Pour Francis
Photos de Daniel Levinson : Dans le train de Satna à Lucknow (Inde du Nord)
Dans un poème en prose de son dernier livre, Prendre l’air (p. 112), Etienne Faure parle des trajets en train où :
(…) l’on aperçoit les arbres qui fuient, les buissons, les lapins, tout un monde qui détale un jour de dégel ou de saint-glinglin quand la vitesse du train fabrique dans le paysage une écriture par hypallage, télescopage, accélère les mouvements qui libèrent du froid et du temps figé sur la plaine.
Les choses aperçues lors du voyage en train s’accordent à sa poétique du déplacement et des fugitives rencontres. Il a d’ailleurs consacré un autre recueil en prose à des scènes de rails et de gares, La vie bon train (Champ Vallon, 2013).
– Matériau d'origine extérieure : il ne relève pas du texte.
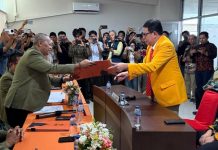 Prof Sukardi Weda Dampingi Prof Suwardi Annas Daftar Balon Rektor UNM FOTO: Prof. Drs. Suwardi Annas, M.Si., Ph.D., yang juga Dekan Fakultas MIPA Universitas Negeri Makassar (UNM), resmi mendatangi Panitia Pilrek (Pemilihan Rektor) UNM Periode 2027-2031 untuk mendaftar sebagai bakal calon Rektor Universitas Negeri Makassar (UNM), Rabu (7/10/2026).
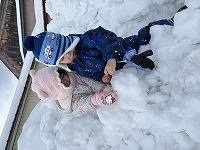 雪山に登っている子ども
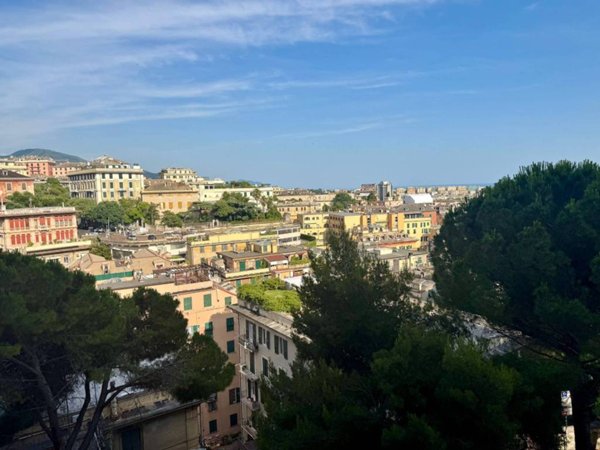 appartamento in vendita a Genova in zona Castelletto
Ceci me rappelle un de mes poèmes préférés de Verlaine : « Charleroi », appartenant aux “Paysages belges” des Romances sans paroles, que je reproduis juste pour le plaisir d’entendre ces tétrasyllabes et cette syntaxe heurtée si accordés au mouvement d’un train traversant la Belgique.
Dans l’herbe noire
Les Kobolds vont.
Le vent profond
Pleure, on veut croire.
Quoi donc se sent ?
L’avoine siffle.
Un buisson gifle
L’oeil au passant.
Plutôt des bouges
Que des maisons.
Quels horizons
De forges rouges !
On sent donc quoi ?
Des gares tonnent,
Les yeux s’étonnent,
Où Charleroi ?
Parfums sinistres !
Qu’est-ce que c’est?
Quoi bruissait
Comme des sistres?
Sites brutaux !
Oh ! votre haleine,
Sueur humaine,
Cris des métaux !
Dans l’herbe noire
Les Kobolds vont.
Le vent profond
Pleure, on veut croire.
Je me souviens aussi de ce qu’on éprouve dans les trains de nuit quand, stores baissés et lumières éteintes (sauf la veilleuse), aucun élément du paysage ne vient distraire notre entrée dans le monde des bruits, et que le compartiment résonne comme un ventre maternel. Au cours d’un rêve éveillé endormi dans un train entre Paris et Rome, je me suis vue composant un morceau de musique dans un style minimaliste à la Steve Reich, où je mêlais quelques percussions métalliques à une voix scandant mélancoliquement dans le petit jour : « Civitavecchiaaa… Civitavecchiaaa… »
Mais je me souviens surtout des nombreux trajets en couchette de mon enfance entre Paris « Austerlín » et Madrid Chamartín. Nous somnolions dans les roulements du train, le son des freins, des noms de villes, des claquements de portières et des sifflements des chefs de gare. À la gare frontière d’Irún, notre wagon était soudain soulevé, puis comme précipité dans la forge de Vulcain, car les rails espagnols et français n’ayant pas le même écartement, les employés se livraient à une longue et tonitruante opération de changement des supports de roues appelés boggies.
Je n’ai pas le souvenir que cette opération (que me rappelait hier Daniel) ait inspiré à mon imagination musicale épisodique le moindre morceau de heavy metal ou de boogie woogie.